A group of French and Brazilian researchers have claimed a possible success in boosting immune responses and controlling HIV in a clinical trial where 18 people were treated with a vaccine prepared from their own virus. While these results are encouraging, this is only a preliminary report of a trial with no control group and the procedure could be difficult to scale up for widespread use.
Cells called monocytes were extracted from volunteers’ blood, grown in laboratory conditions and transformed into dendritic cells, which alert the immune system to possible infections. These dendritic cells were loaded with a chemically-inactivated preparation of HIV taken from the same person, and then transfused back into the trial volunteer.
All 18 Brazilian volunteers – 16 women and two men - had stable viral loads of at least 10,000 copies/ml for at least six months before treatment, had mean CD4 counts above 400 cells/mm3 (range 270-1009) when treated and were not on antiviral drugs - although three had been treated during pregnancy to prevent mother-to-child transmission.
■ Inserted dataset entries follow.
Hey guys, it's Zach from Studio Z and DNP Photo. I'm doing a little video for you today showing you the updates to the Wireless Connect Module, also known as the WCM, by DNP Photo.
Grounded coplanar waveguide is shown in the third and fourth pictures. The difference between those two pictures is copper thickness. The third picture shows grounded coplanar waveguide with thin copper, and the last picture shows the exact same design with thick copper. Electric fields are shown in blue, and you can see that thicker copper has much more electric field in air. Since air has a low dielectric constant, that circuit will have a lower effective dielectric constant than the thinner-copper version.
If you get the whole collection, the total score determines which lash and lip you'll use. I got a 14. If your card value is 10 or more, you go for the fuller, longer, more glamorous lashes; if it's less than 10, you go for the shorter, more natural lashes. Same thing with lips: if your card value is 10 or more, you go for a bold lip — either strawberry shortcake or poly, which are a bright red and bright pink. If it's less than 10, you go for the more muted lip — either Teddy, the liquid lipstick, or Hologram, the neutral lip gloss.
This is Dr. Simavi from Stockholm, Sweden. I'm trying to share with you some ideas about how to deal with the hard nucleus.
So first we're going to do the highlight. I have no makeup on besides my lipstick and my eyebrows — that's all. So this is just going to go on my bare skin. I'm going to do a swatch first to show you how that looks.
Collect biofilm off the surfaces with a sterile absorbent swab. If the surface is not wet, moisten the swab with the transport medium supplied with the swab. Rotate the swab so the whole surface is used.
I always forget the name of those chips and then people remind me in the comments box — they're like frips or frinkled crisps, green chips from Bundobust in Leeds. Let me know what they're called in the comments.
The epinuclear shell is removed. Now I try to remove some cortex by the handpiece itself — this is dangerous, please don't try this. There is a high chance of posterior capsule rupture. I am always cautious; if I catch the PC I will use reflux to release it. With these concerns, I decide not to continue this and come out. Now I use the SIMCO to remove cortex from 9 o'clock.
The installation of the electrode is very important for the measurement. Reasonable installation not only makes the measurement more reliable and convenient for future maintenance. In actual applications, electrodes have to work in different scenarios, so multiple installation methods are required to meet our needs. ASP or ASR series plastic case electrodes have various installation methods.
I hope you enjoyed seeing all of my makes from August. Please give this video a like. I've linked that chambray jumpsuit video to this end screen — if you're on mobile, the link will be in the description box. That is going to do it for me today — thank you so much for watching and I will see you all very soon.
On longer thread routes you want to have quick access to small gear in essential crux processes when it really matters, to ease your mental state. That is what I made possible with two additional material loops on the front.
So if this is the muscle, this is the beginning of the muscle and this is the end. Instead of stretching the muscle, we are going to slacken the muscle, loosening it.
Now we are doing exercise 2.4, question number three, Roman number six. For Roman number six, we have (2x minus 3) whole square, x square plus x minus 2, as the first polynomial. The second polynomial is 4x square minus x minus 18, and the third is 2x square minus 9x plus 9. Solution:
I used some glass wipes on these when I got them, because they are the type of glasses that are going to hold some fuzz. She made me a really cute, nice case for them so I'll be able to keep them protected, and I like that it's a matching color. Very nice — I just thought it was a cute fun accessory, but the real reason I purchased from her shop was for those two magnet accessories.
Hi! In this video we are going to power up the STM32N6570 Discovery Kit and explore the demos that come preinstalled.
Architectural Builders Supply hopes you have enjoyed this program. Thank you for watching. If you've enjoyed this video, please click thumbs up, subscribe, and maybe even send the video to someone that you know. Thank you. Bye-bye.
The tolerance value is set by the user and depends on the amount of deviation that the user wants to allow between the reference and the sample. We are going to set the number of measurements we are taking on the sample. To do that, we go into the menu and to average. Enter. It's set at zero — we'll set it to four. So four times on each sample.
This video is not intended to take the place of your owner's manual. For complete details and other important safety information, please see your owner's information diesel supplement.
In eight out of the 18, viral load fell by more than 90% (a one-log reduction) when measured one year after treatment, along with stable or rising CD4 counts. The other 10 also had reductions in viral load, but these were not sustained. Across the whole group, there was a statistically significant reduction of viral load over the course of the year and an increase in CD4 counts of around 100 cells/mm3 which returned over one year to baseline values. This contrasted with the six months before treatment, in which CD4 counts fell by an average of 100 cells.
The researchers looked for a variety of HIV-specific immune responses. There was little or no evidence for antibody responses, but increased levels of HIV-specific CD4 T-cells and of HIV-specific perforin-expressing CD8 cells (i.e. those which are most capable of destroying other cells) went with reduced viral load. There were no adverse effects reported, and no minor infections or other clinical symptoms, though some lymph-node enlargement was detected.
One of the lead investigators, Dr Jean-Marie Andrieu, has estimated that the cost of the therapy could be $4,000 to $8,000 per patient, which compares favourably with the current cost of a year’s antiviral drugs, at least in Europe and North America. People with CD4 counts at these levels would not normally receive antiviral drugs, but if this treatment could defer the need for medication, monitoring and hospitalisation - and especially if it could be repeated - it might be cost-saving. The advantage of a one-off or annual treatment without adherence problems is also obvious.
Another possibility, raised by the researchers, is to reduce onward transmission of HIV by treating people who would not qualify for antiviral drug treatment. All 18 volunteers in this trial had viral loads above 10,000 copies before treatment. One year later, four of them had less than 1500 copies. In a well-known Ugandan study of heterosexual couples, individuals who had viral loads below 1500 copies did not appear to transmit the virus to their partners.
However, it would be essential to repeat and extend this trial with a proper control group in case selection bias or the effect of close clinical monitoring has contributed to the positive outcomes reported here. There must also be a question about how far this approach could be scaled up and reduced in cost, to be made available in settings where laboratories currently struggle to provide even the most basic immunological tests. Scaling up drug production is one thing, but large-scale systems to isolate and process live HIV, which will always require high level lab facilities and advanced training, is quite another.